Igualmente importante como uma das origens do acordo foram os profundos cortes feitos na Marinha Real após a Conferência Naval de Washington de 1921–1922 e a Conferência Naval de Londres de 1930. Os cortes impostos pelas duas conferências, combinados com os efeitos da Grande Depressão, causaram o colapso de grande parte da indústria de construção naval britânica no início da década de 1930. Isso dificultou seriamente os esforços de rearmamento naval britânico mais tarde na década, levando o Almirantado Britânico a valorizar tratados com limitações quantitativas e qualitativas sobre potenciais inimigos como a melhor forma de garantir a supremacia marítima da Marinha Real. Maiolo argumenta que, na verdade, pouco importava se os potenciais inimigos colocavam limitações voluntárias ao tamanho e à escala das suas marinhas. Em particular, o Almirante Sir Ernle Chatfield [en], o Primeiro Lordee do Mar entre 1933 e 1938, passou a defender tais tratados. Eles prometiam uma classificação padronizada de diferentes navios de guerra e desencorajavam inovações técnicas, que, nas condições existentes, a Marinha Real nem sempre podia esperar igualar. Chatfield desejava especialmente que os alemães abandonassem os seus Panzerschiffe da classe-Predefinição:Sclass (conhecidos na imprensa londrina como "couraçados de bolso"), pois tais navios, que abraçavam as características tanto de couraçados como de cruzadores, eram perigosos para a sua visão de um mundo de tipos e designs de navios de guerra regulamentados. Como parte do esforço para eliminar os Panzerschiffe, o Almirantado Britânico declarou em março de 1932 e novamente na primavera de 1933 que a Alemanha tinha "um direito moral a algum relaxamento do tratado [de Versalhes]".

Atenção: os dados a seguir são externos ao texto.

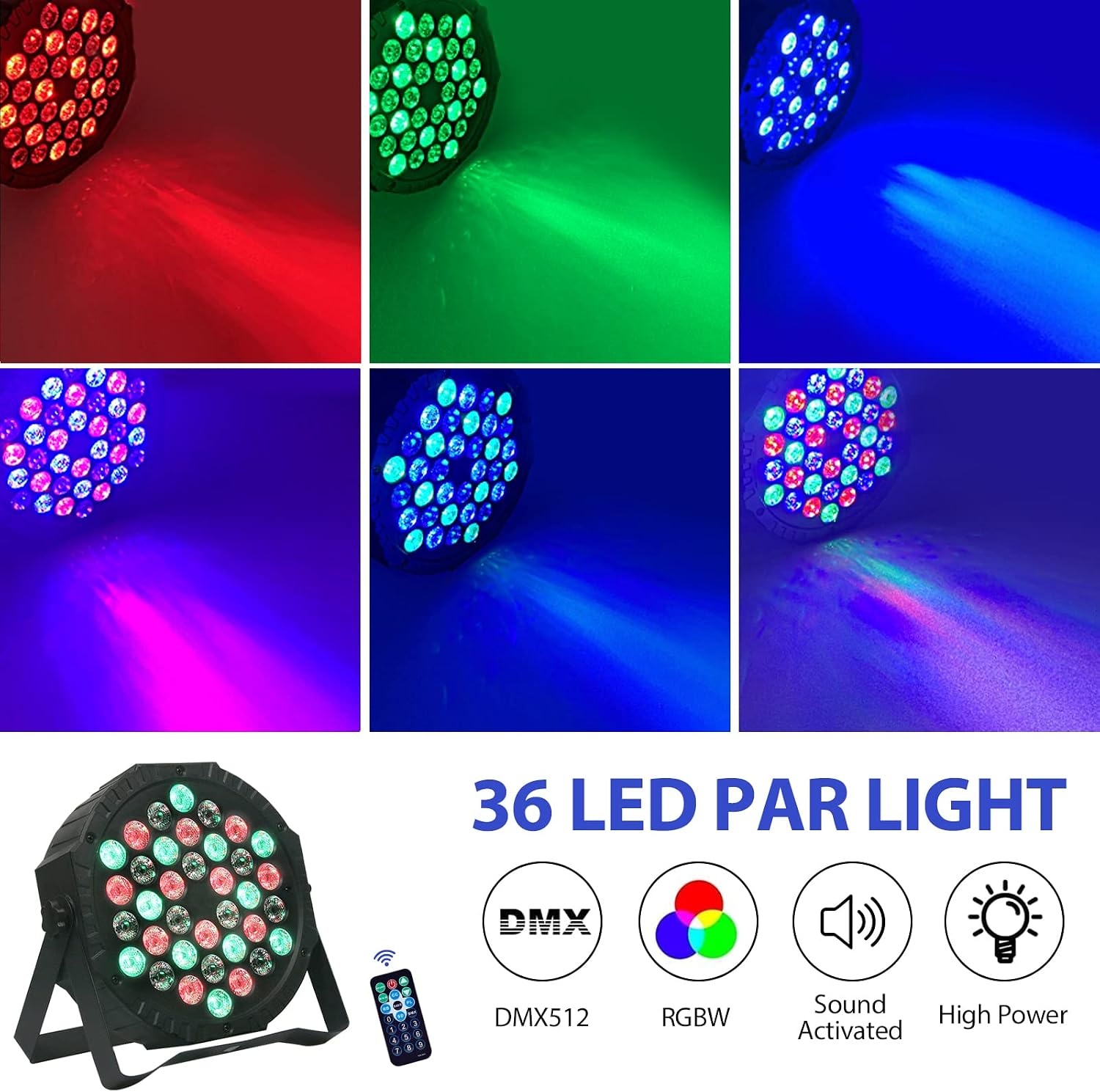 LED Par Spotlight 36 LED 72W discolicht partylicht RGB DMX512 met afstandsbediening, podiumlicht 7 lichtmodi DJ licht voor party bar stage festival show - Maat 1 STK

Conferência Mundial de Desarmamento

Em fevereiro de 1932, a Conferência Mundial de Desarmamento foi inaugurada em Genebra. Entre as questões mais acaloradamente debatidas na conferência estava a exigência alemã de Gleichberechtigung ("igualdade de armamentos", ou seja, abolir a Parte V de Versalhes), em oposição à exigência francesa de sécurité ("segurança"), mantendo a Parte V como estava. Os britânicos tentaram desempenhar o papel de "honesto mediador" e procuraram um compromisso entre a reivindicação francesa de sécurité e a reivindicação alemã de Gleichberechtigung, o que, na prática, significava apoiar a reivindicação alemã de rearmamento para além da Parte V, mas não a um nível que lhe permitisse representar uma ameaça real para a França. Várias das propostas de compromisso britânicas nesse sentido foram rejeitadas tanto pelas delegações francesas como pelas alemãs como inaceitáveis. Em setembro de 1932, a Alemanha abandonou a conferência e afirmou que era impossível alcançar a Gleichberechtigung. Nessa altura, o sucesso eleitoral dos Nazis alarmara Londres, e sentiu-se que, a menos que a República de Weimar pudesse alcançar algum sucesso dramático na política externa, Hitler poderia chegar ao poder. Para atrair os alemães de volta a Genebra, após vários meses de forte pressão diplomática de Londres sobre Paris, todas as outras delegações votaram a favor de uma resolução patrocinada pelos britânicos em dezembro de 1932 que permitiria a "igualdade teórica de direitos num sistema que proporcionaria segurança a todas as nações".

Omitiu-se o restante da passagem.